Novella Williams, revered as an educator, mentor, historian, and civil rights activist, is the founder of “Citizens for Progress”, a civic group in Philadelphia, PA. Ms. Williams’ journey is a long one, having worked many years to bring about diversity and equal opportunity in institutions, not only in Philadelphia, but across our nation. Novella Williams attended Washington High School in Atlanta, GA. She continued her studies at the University of Pennsylvania and Temple University School of Communication in Philadelphia, PA., and it was through her work and association at the University of PA that fueled her mission to empower and ignite a zeal for education and knowledge in her local community. Ms. Williams was part of the charge to bring the first charter school in the African American community, providing youth the necessary skills that would position them for gainful employment in the workforce.
The fundamental premise for the establishment of Citizens for Progress was due to ineffective and inefficient means by which children were being educated in her local community. Ms. Williams felt there was a complete disparity between educations rendered in the African American communities versus those offered in other parts of the city. Citizens for Progress sought to bridge the gap by challenging the school system, and local principals to raise their consciousness in providing the same level of quality education to all children, no matter their geography. Ms. Williams’ motto has always been, “Power comes from knowledge”, and through Citizens for Progress, Ms. Williams fostered a means by which individuals were made aware and granted access to programs and services that were part of their residential right but were completely unaware.

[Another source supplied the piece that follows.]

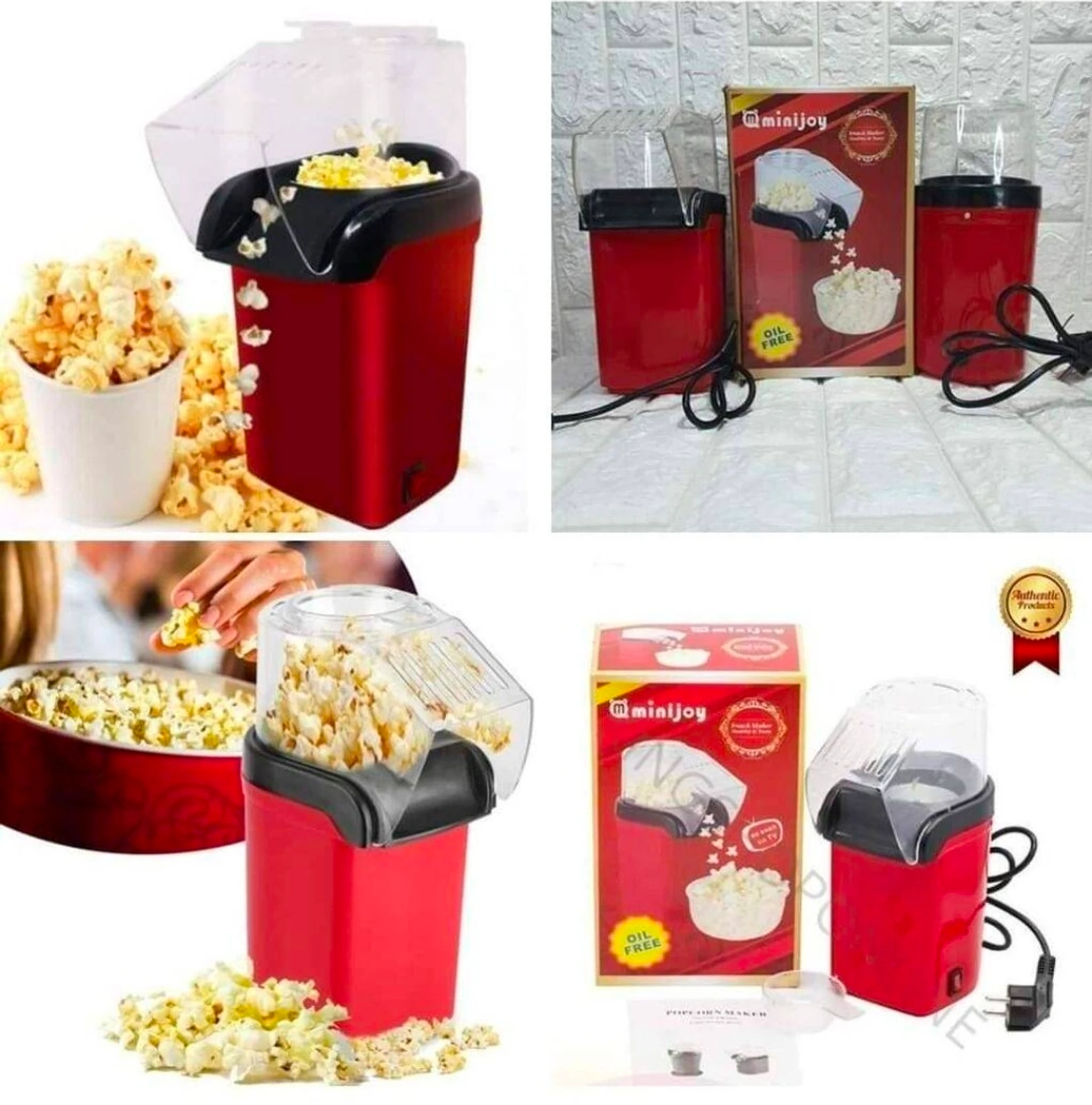 Aparat za kokice Minijoy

“We care and we worked to save lives, through education, empowerment, good affordable healthcare, housing, and equal opportunity employment” says Ms. Williams on the mission of the organization.
Ms. Novella Williams never ran from challenge or adversity, but rather embraced it as an opportunity to make a difference in the world. At the time of Dr. Martin Luther Kings’ death, Ms. Novella Williams was granted an audience with the United Nations and spoke on behalf of African American community and gave testimony on the impact Dr. King’s death had on her people. It was through this audience that Ms. Williams was appointed to the NGO body of the United Nations and was asked to address the United States Congress on what action steps needed to happen within the walls of the UN and was also asked to speak to Congress on the topic of equality and social reform.

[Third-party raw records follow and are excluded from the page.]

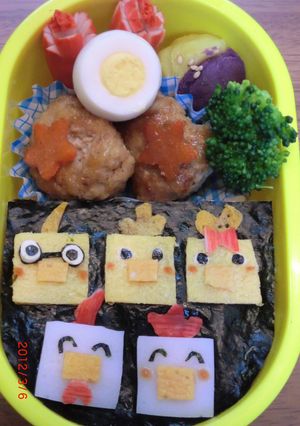 ぼくチロ！（キャラ弁）-レシピのメイン写真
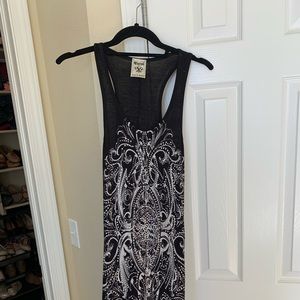 Boutique rhinestone maxi dress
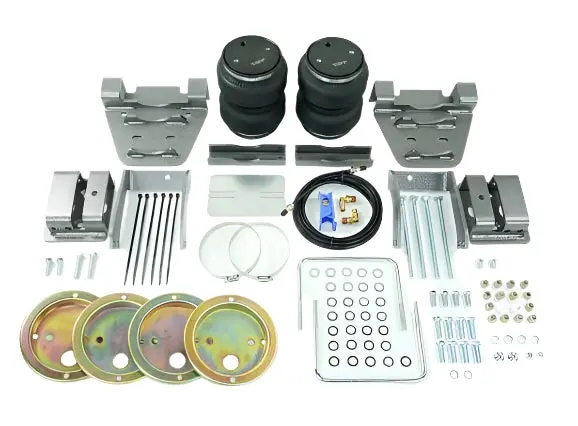 Pacbrake | Hp10370 Double Convoluted Air Spring For 2008-2024 Ford E-450 1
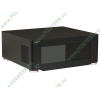 Корпус Desktop Origen "S16T", ATX, черный, ЖК (без БП) + ПДУ 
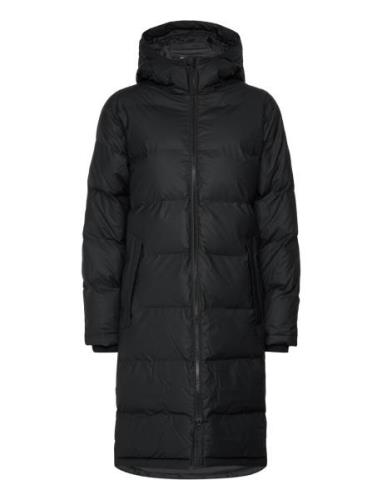 Lumi Coat Fodrad Rock Black Tretorn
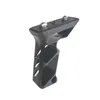 High Quality CNC Aluminum Forward Foregrip Angled Design M-Lok/Keymod Type Black color FG-8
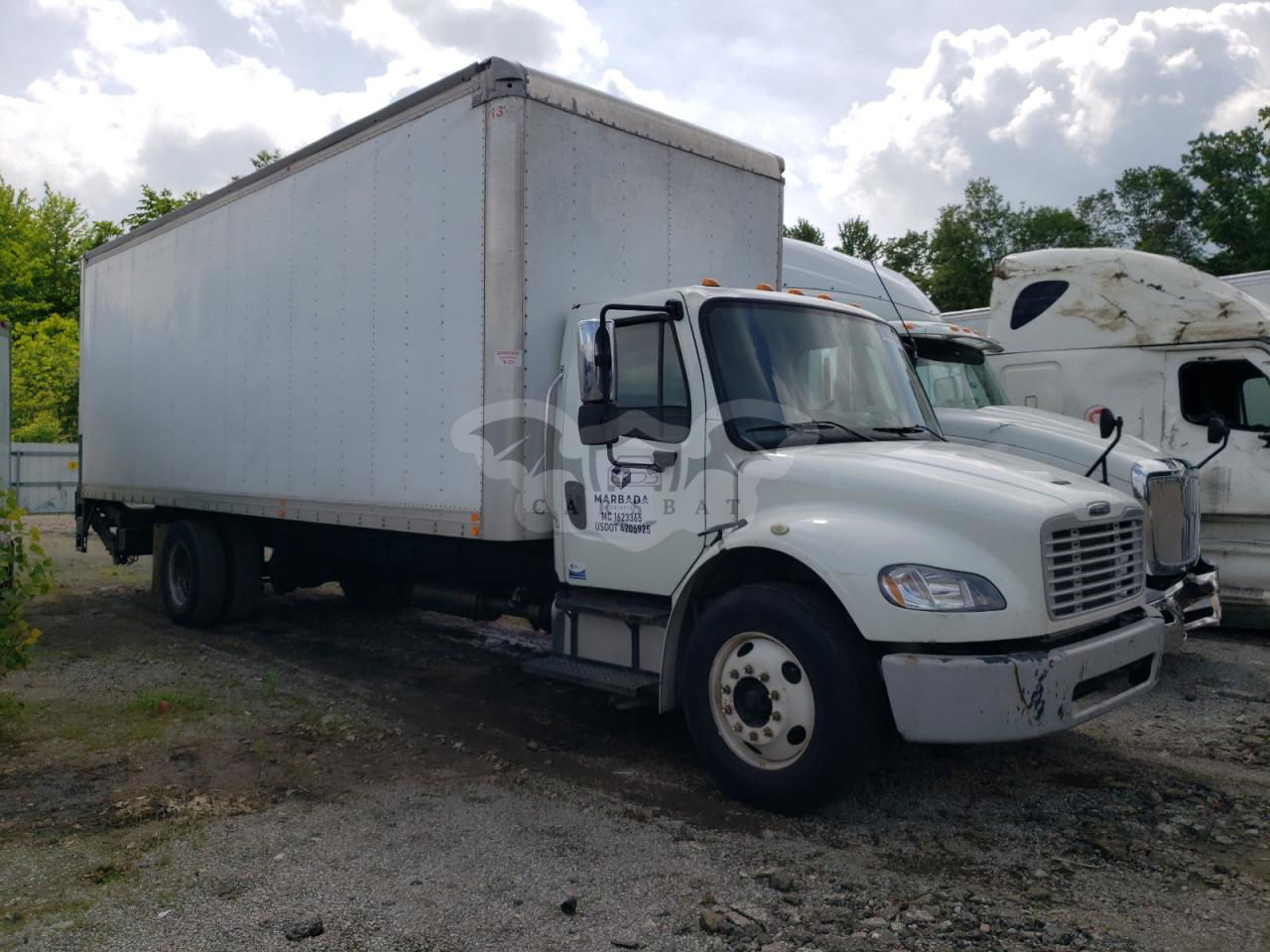 Freightliner Business Class M2 106 MEDIUM DUTY 6.7L  6 2014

In the late 70’s, Ms. Williams led the charge, petitioning President Jimmy Carter, for equality amongst Amtrak Workers. Through her efforts, $500 million dollars were earmarked throughout the nation to commission equal opportunity employment. Ms. Williams also challenged organizations and establishments such as Conrail and The Port Authority to provide fair and equal pay and advancement opportunities to minorities. Ms. Williams was responsible for the rebuilding of the YMCA, now called the Lucien Blackwell Library, which provided youth services to thousands of young people. In her quest for equality, Ms. Williams successfully petitioned CEO’s of major corporations to build a new YMCA, instead of renovating the old one. She was also the catalyst for change on the 52nd Street Business Corridor in bringing minority owned business to the corridor since the majority of the patrons were African American residents. Novella Williams also sought to get the first African American female elected to Philadelphia council and was the driving force in the African American community adoption and re-election of Mayor Frank Rizzo. Through her diligence and tireless efforts in her community, Ms. Williams was granted direct access to Major Rizzo, even an office within the walls of City Hall, and was instrumental in bringing social reform to her community during his regime.
In her quest for human rights, Ms. Williams was the only individual who gave testimony on the tragic events that occurred in 1985 against the MOVE organization. Ms. Williams was one of the few individuals permitted to enter the MOVE compound and heroically entered the grounds in an attempt to bring about peaceful resolution. It is through her heroic efforts and continued push for reform in education, housing, healthcare and equal opportunity employment that Ms. Williams entertained such individuals like Rosalyn Carter (former 1st Lady of the United States), in the privacy of her home so that people like Mrs. Carter could meet and get a real sense of the people whom she served.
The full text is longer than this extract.